------ RECORDS TO PROCESS ------
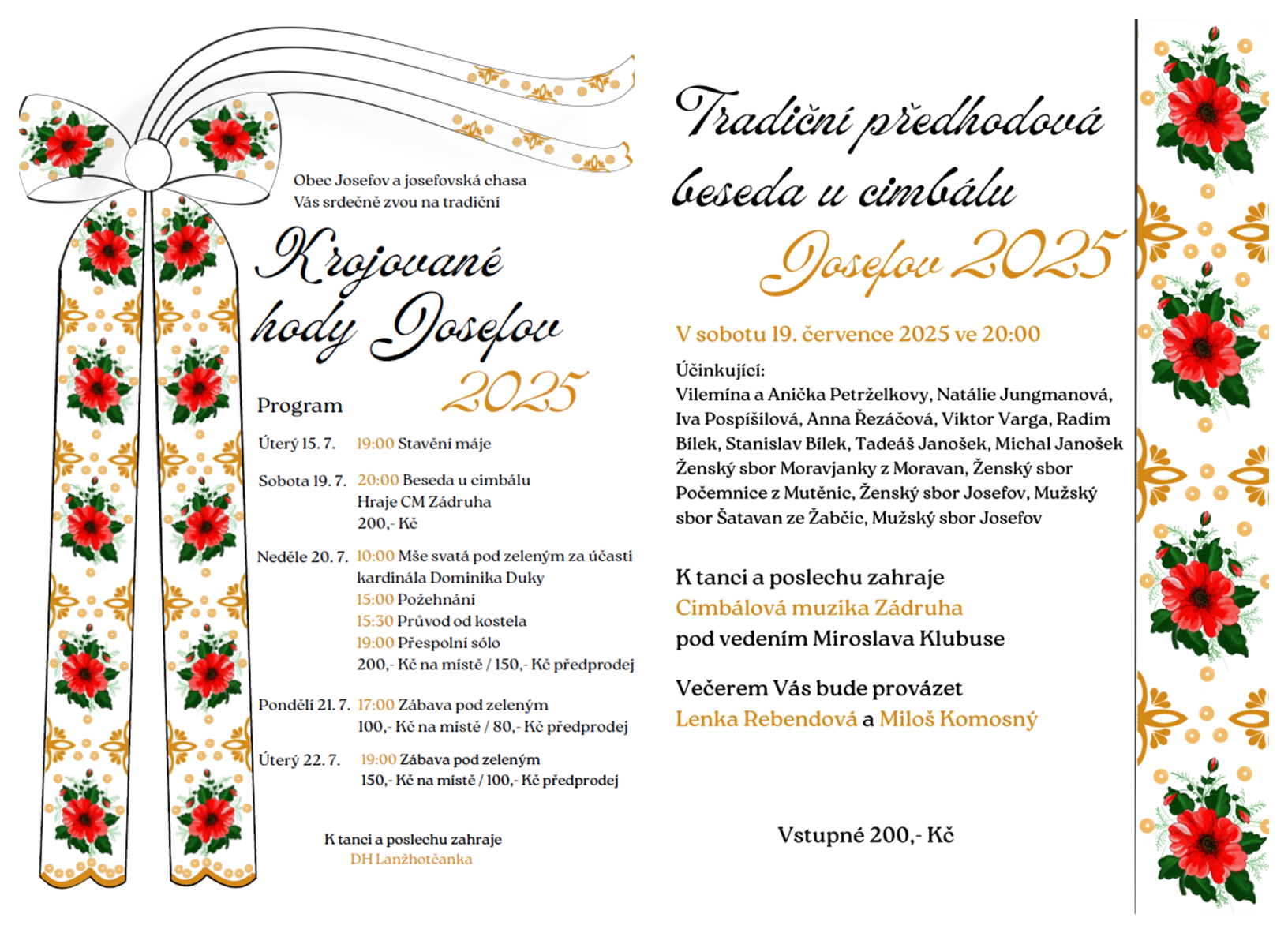 Tradiční krojované hody Josefov 2025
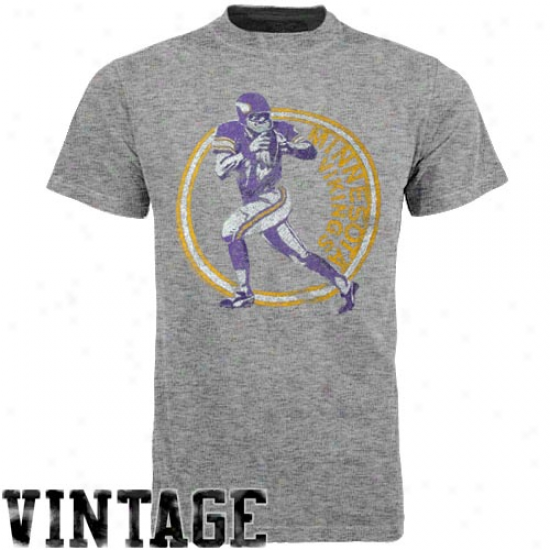 Junk Food Minnesota Vikings Vintage Crew Premium Tdi-blend T-shirt - Gray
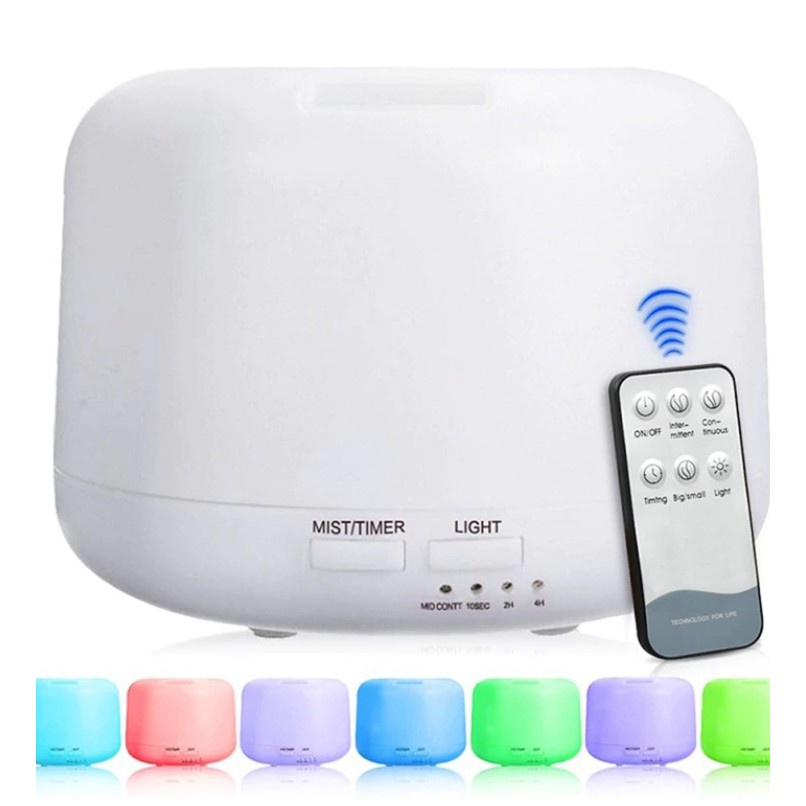 Difusor De Aromas Eletrico Aromatizador Air 500ml Essencial Oleo 7 Cores LED Com Controle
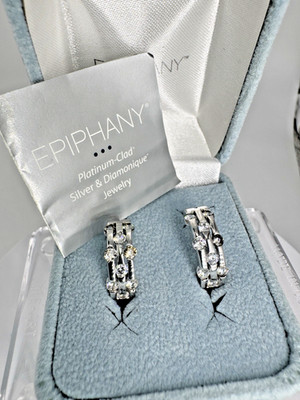 QVC EPIPHANY Platinum Clad Silver & Diamonique Huggie Earrings 7.26g TW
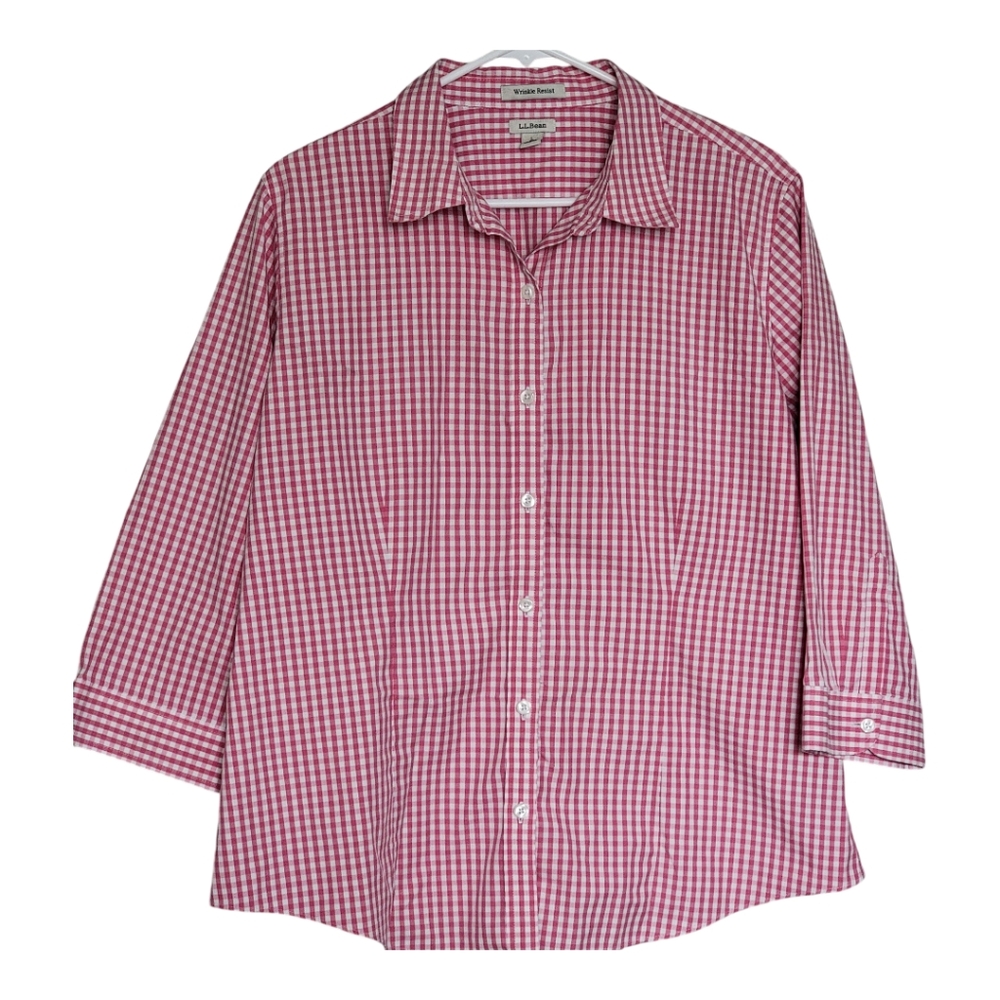 L.L.Bean Wrinkle Resist Button Up Women's Checked Pink and White Blouse Large
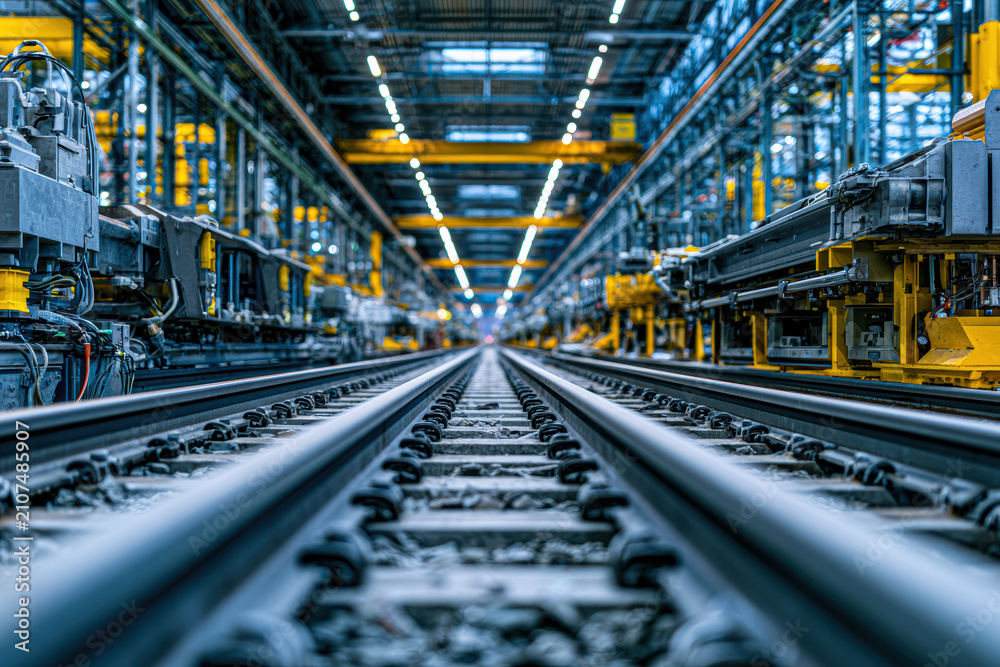 Fototapeta premium Inside view of a modern railway factory with train carriages on tracks and overhead lighting in a large industrial space.
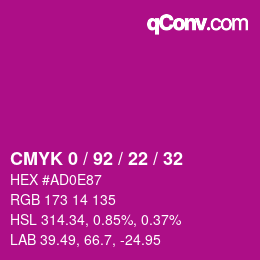 カラーコード: CMYK 0 / 92 / 22 / 32 | qconv.com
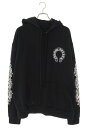 クロムハーツ Chrome Hearts サイズ:XL SWTSHRT PLVR プルオーバーパーカー 袖フローラルバックホースシュープリントプルオーバーパーカ...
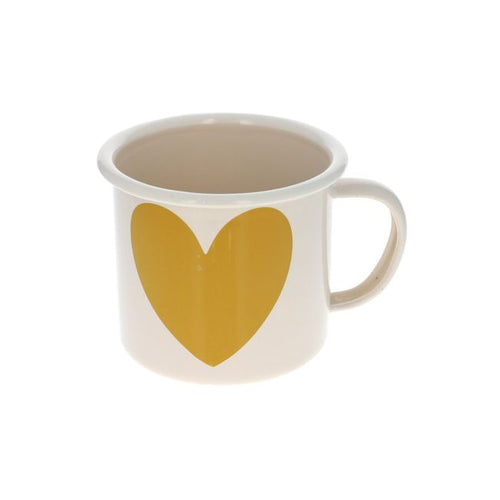 Large Mustard Heart Enamel Mug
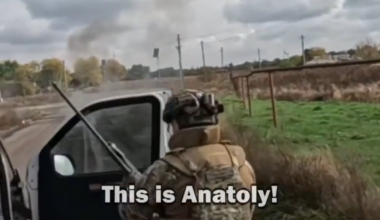 Russian drone shot down during evacuation of civilians from Hryshyne village in Donetsk region by Ukrainian soldiers and international volunteer. Published 12.10.2025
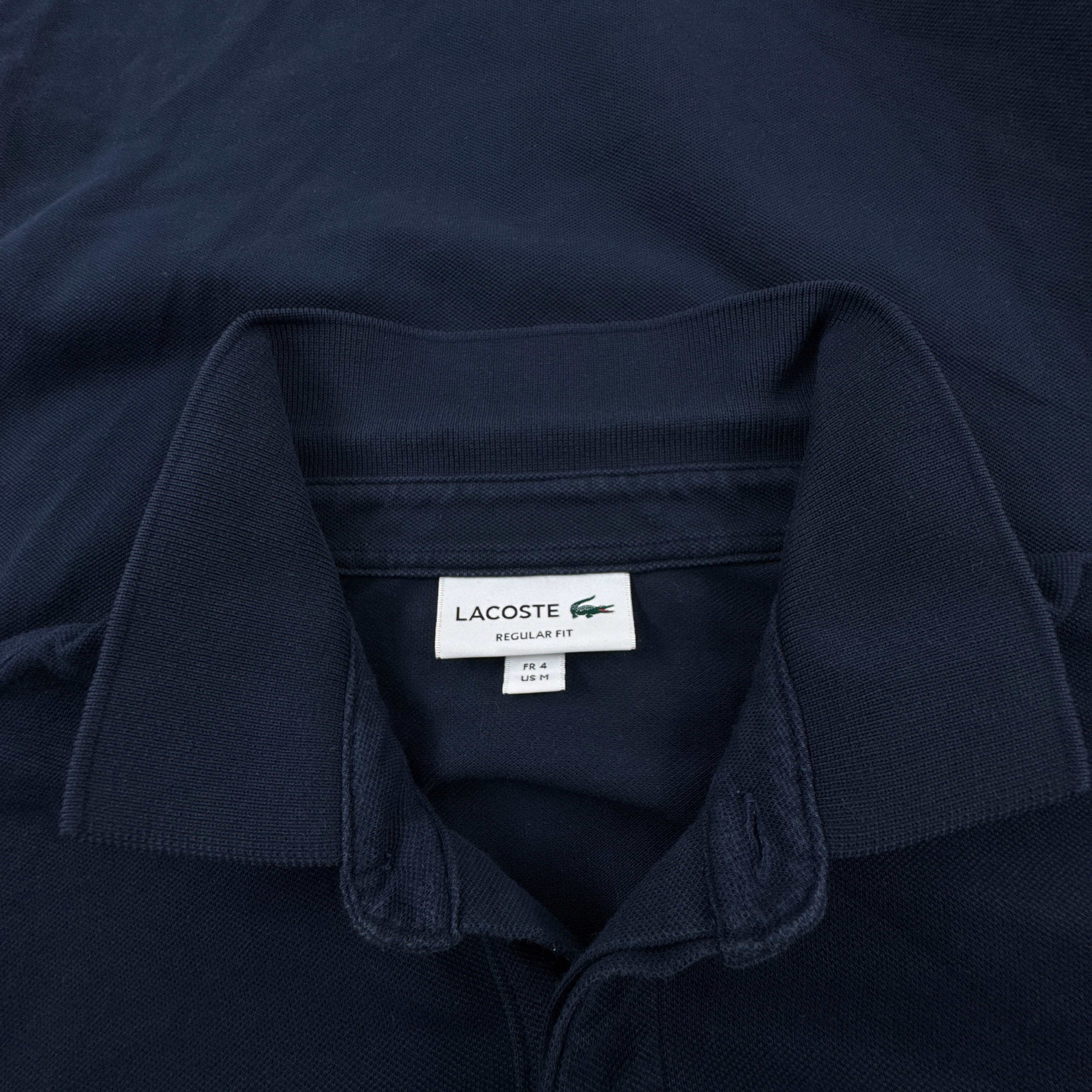 Polo Lacoste blu scura a tinta unita manica lunga regular fit - Taglia 4 M uomo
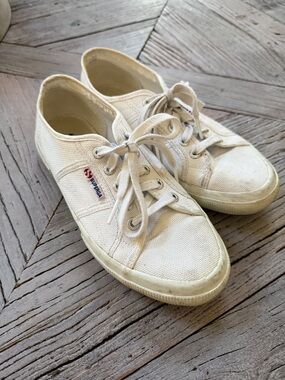 Superga Cream Canvas Low-Top Sneakers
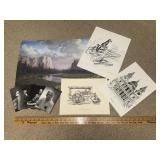 Art prints and William Faulkner postcards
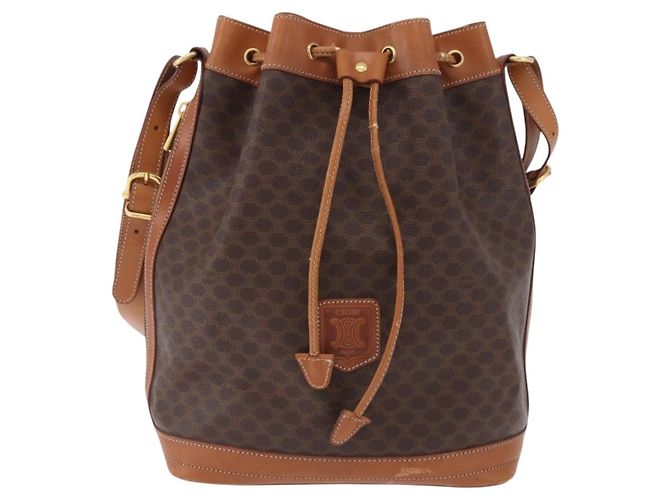 Céline Borsa a tracolla CELINE Macadam Canvas PVC Leather Brown Gold Auth 199630 Marrone D'oro - vista 13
------
■ **REQUIREMENT**
Without the pictures, reproduce the entries exactly.

■ **RESULT OF THE TASK**
 Tradiční krojované hody Josefov 2025
 Junk Food Minnesota Vikings Vintage Crew Premium Tdi-blend T-shirt - Gray
 Difusor De Aromas Eletrico Aromatizador Air 500ml Essencial Oleo 7 Cores LED Com Controle
 QVC EPIPHANY Platinum Clad Silver & Diamonique Huggie Earrings 7.26g TW
 L.L.Bean Wrinkle Resist Button Up Women's Checked Pink and White Blouse Large
 Fototapeta premium Inside view of a modern railway factory with train carriages on tracks and overhead lighting in a large industrial space.
 カラーコード: CMYK 0 / 92 / 22 / 32 | qconv.com
 クロムハーツ Chrome Hearts サイズ:XL SWTSHRT PLVR プルオーバーパーカー 袖フローラルバックホースシュープリントプルオーバーパーカ...
 Large Mustard Heart Enamel Mug
 Russian drone shot down during evacuation of civilians from Hryshyne village in Donetsk region by Ukrainian soldiers and international volunteer. Published 12.10.2025
 Polo Lacoste blu scura a tinta unita manica lunga regular fit - Taglia 4 M uomo
 Superga Cream Canvas Low-Top Sneakers
 Art prints and William Faulkner postcards
 Céline Borsa a tracolla CELINE Macadam Canvas PVC Leather Brown Gold Auth 199630 Marrone D'oro - vista 13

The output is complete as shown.